ACTIVITY
Please keep to the lines below from the one with "Suzanne Enoch Plamen v srdci" through the one with "CSB Oswald Chambers", and restate them word for word, ends included.

DATA EXTRACT
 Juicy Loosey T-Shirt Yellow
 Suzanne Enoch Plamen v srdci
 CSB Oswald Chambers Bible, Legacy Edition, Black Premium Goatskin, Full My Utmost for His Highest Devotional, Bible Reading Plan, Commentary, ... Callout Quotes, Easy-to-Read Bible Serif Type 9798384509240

--

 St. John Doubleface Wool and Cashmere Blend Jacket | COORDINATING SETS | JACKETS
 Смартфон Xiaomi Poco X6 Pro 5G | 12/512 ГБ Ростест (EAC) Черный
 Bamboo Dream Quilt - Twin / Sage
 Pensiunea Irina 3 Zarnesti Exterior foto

OUTPUT FOR THIS EXERCISE
 Suzanne Enoch Plamen v srdci
 CSB Oswald Chambers Bible, Legacy Edition, Black Premium Goatskin, Full My Utmost for His Highest Devotional, Bible Reading Plan, Commentary, ... Callout Quotes, Easy-to-Read Bible Serif Type 9798384509240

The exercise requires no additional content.